Personnel chief says officials avoid veterans hiring rules
Some federal managers intentionally avoid laws that provide employment protection for veterans and reservists, says OPM Director Kay Coles James.
Some officials actively circumvent laws that protect federal employment rights for veterans and reservists and others view the regulations as "an annoyance," according to Office of Personnel Management Director Kay Coles James.
She singled out officials who attended a May meeting of the Chief Human Capital Officers Council at the Walter Reed Army Medical Center in Washington. That meeting was arranged, James said, in part to show personnel officials the sacrifices that reservists make and to drive home the point that veterans and reservists deserve special consideration for federal jobs.
She declined to identify specific individuals who violate laws governing veterans' hiring or employment. Her speech, however, pointed the finger at a limited pool of possible transgressors. The Chief Human Capital Officers Council meeting was attended by fewer than 75 people, many of them union representatives, according to OPM officials.
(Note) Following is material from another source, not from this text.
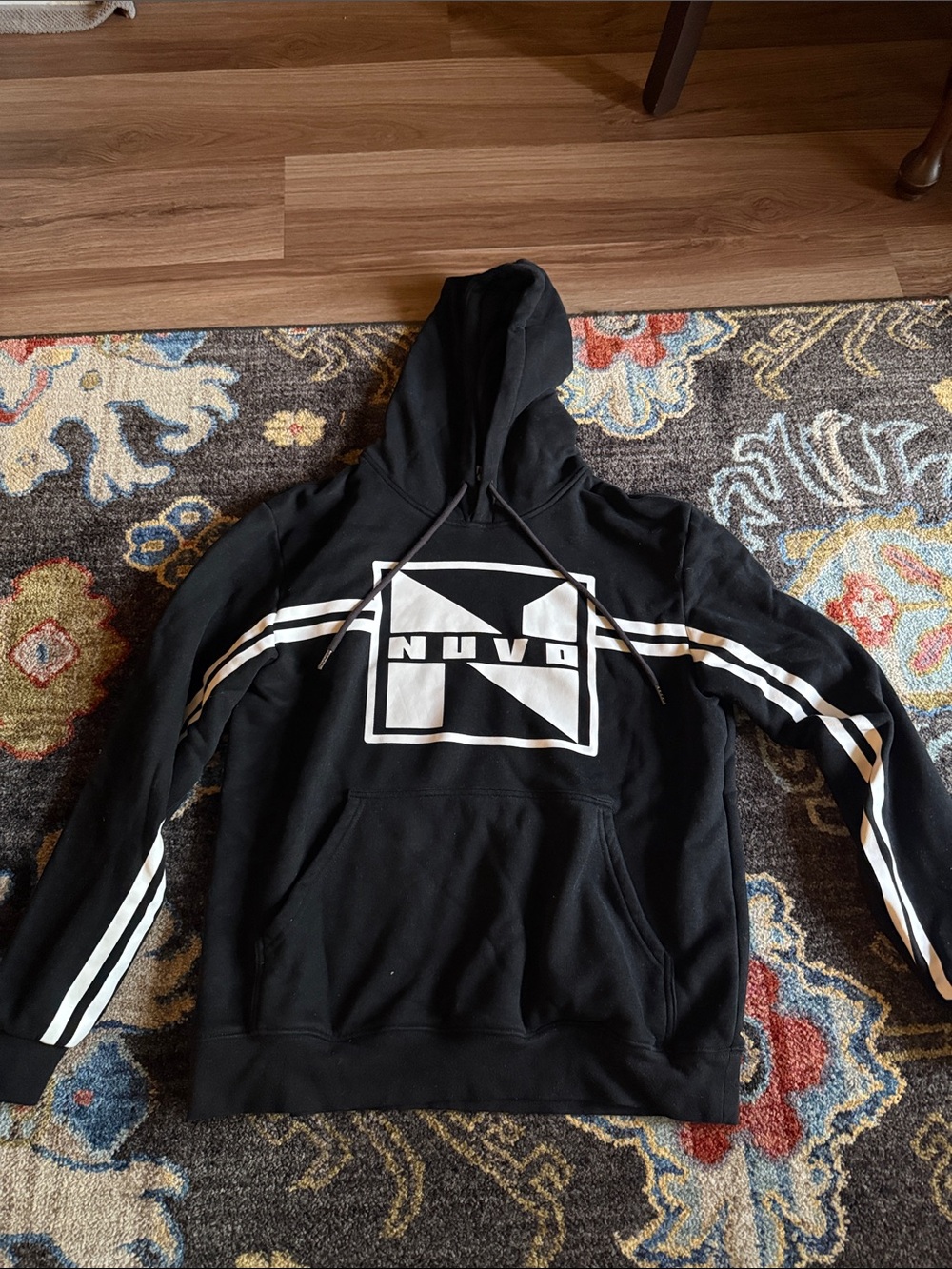 Black Crewneck Hoodie with White Graphic and Stripe Detail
"It is not that pervasive, but it certainly does exist," James said. "I would be less than candid if I told you it doesn't exist."
James' comments came at an OPM event designed to focus attention on the 1994 Uniformed Services Employment and Reemployment Rights Act and the veterans' preference mandates that have been established by Congress.
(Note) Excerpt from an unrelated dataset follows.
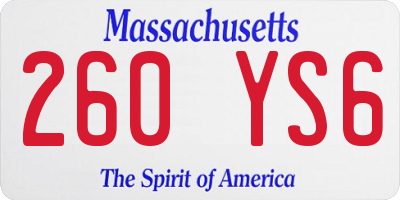 MA license plate 260YS6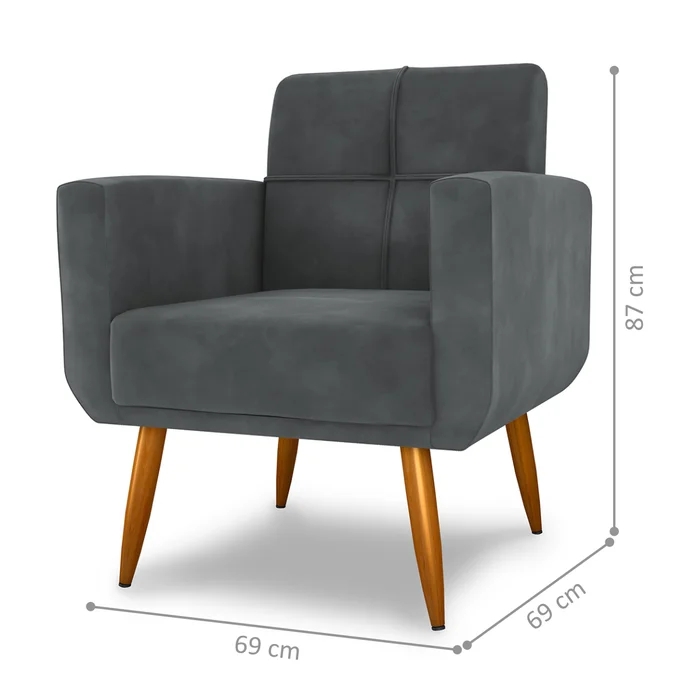 Poltrona Decorativa Juan Veludo Cinza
She told reporters after the event that she hears anecdotal evidence of program managers who encounter veterans' employment guidelines and ask, "how can I get around this?"
During her speech, James described the aversion to employment rights for veterans and reservists as the federal government's "dirty little secret."
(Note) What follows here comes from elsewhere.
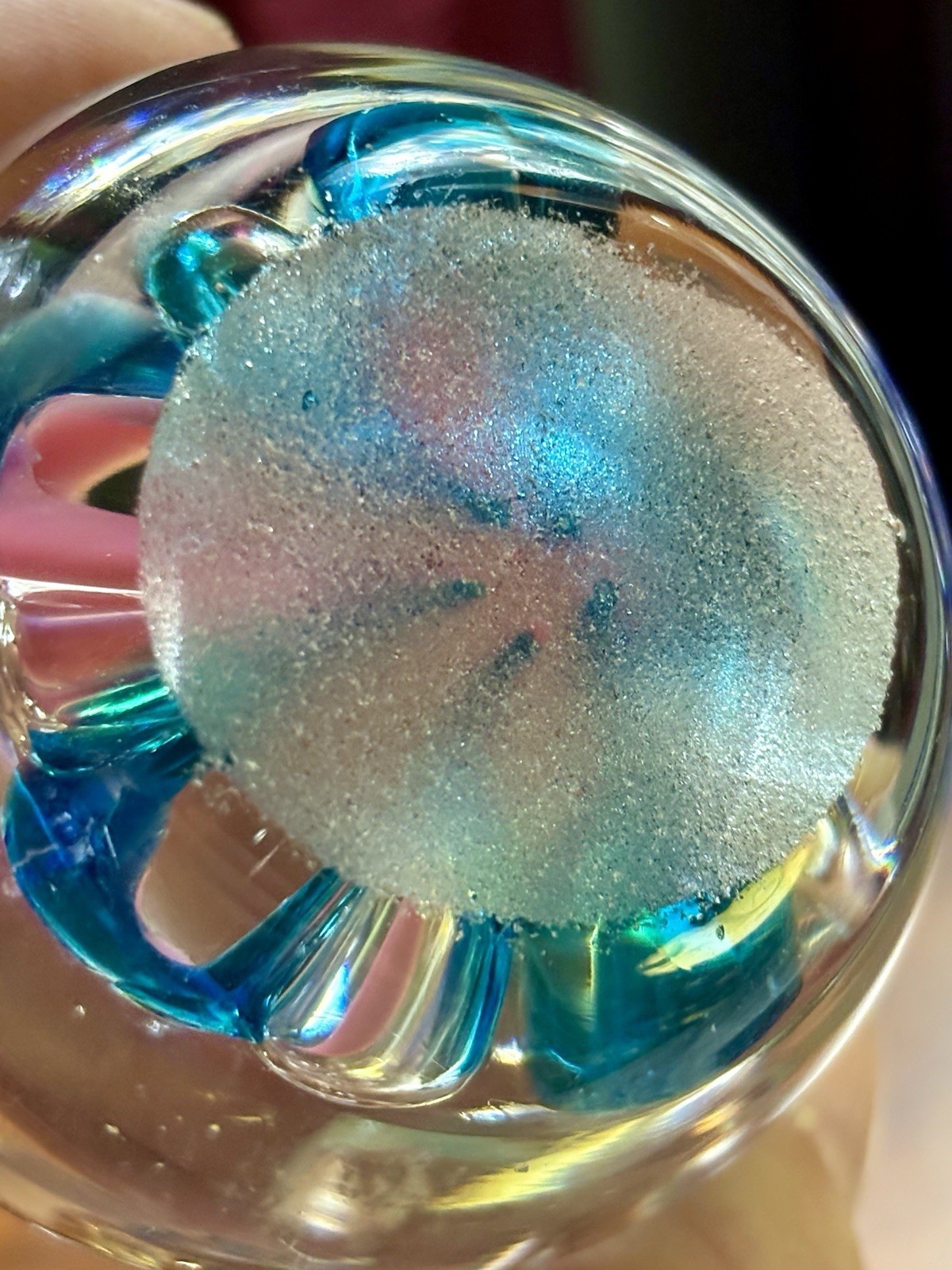Vintage Joe St Clair Glass Ashtray Paperweight Bubbles “ Single Cigarette “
The accusations are accurate and much needed, according to an official at Veterans of Foreign Wars of the United States.
"Their jobs do need to be protected, and we do need to really bear down and re-educate or better educate employers," said Jerry Newberry, a VFW spokesman. "Many instances of violations of the law, disregard for the law … many of the complaints come from people who are employed by various government entities."
Bob Hollingsworth, executive director of the National Committee for Employer Support of the Guard and Reserve, said that OPM has been an historically strong ally in upholding the employment rights of returning reservists. He noted that the number of reservists who have complained that their jobs are no longer available to them when they return from active duty is significantly lower than it was during the first Gulf War, in 1991.
At the OPM event Friday, James signed a "statement of support" reiterating her agency's intent to uphold laws that protect veterans' and reservists' employment.